Land preservation has long been a top priority in Southold Town, and residents will have a chance to weigh in this week on shaping the town’s land preservation goals for the years ahead.
The town will hold two community meetings on the land preservation chapter of its new comprehensive plan. The first will be held Saturday, Sept. 15, at 10 a.m. at the East Marion firehouse. The second will be held Thursday, Sept. 20, at 7 p.m. at the Peconic Lane Community Center.
The draft of the chapter is available now on the town website at southoldtownny.gov and at libraries throughout town.
The chapter touts the fact that the town has already protected 25 percent of its total land area using methods ranging from the purchase of farmland development rights to the outright purchase of property to the private preservation of land.
According to the draft, 41 percent of the town is already developed and 7 percent is wetlands, leaving just 26 percent of the land area unprotected and undeveloped.
The remaining acreage, about 8,950 acres, includes 5,755 acres of farmland and 1,904 acres of building lots, which total 2,394 parcels.
One of the primary goals of the comprehensive plan is to retain at least 8,000 agricultural acres, or about 80 percent of the land that is currently being farmed.
The plan recommends a variety of approaches to achieve that goal, including promotion of conservation subdivisions, where more land is preserved than is required by the code, and the use of Agricultural Planned Development Districts, a special zoning area created on a farm to allow the farmer to sell development rights one at a time.
The draft chapter calls for the town to “design both standard and conservation subdivisions involving farmland to enhance farming and minimize potential incompatibility with residential neighbors.”
The draft also calls for the town to consider increasing the mandatory open space percentage for subdivisions on land over sensitive aquifers.
A suggestion to zone Plum Island to “ensure that the natural and economic resources are protected, along with the public health, safety and welfare” is also included in the plan.

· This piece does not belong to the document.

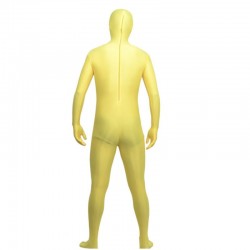 Gelber Ganzkörperanzug aus Spandex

In addition, the draft chapter calls for the town to more stringently monitor its conservation easements to ensure that landowners are not incorrectly using parcels for which the development rights have been sold.
Another suggestion is that the town do more to manage preserved lands it already owns, including maintaining trails, creating management plans for preserves and creating a volunteer program for preserve maintenance.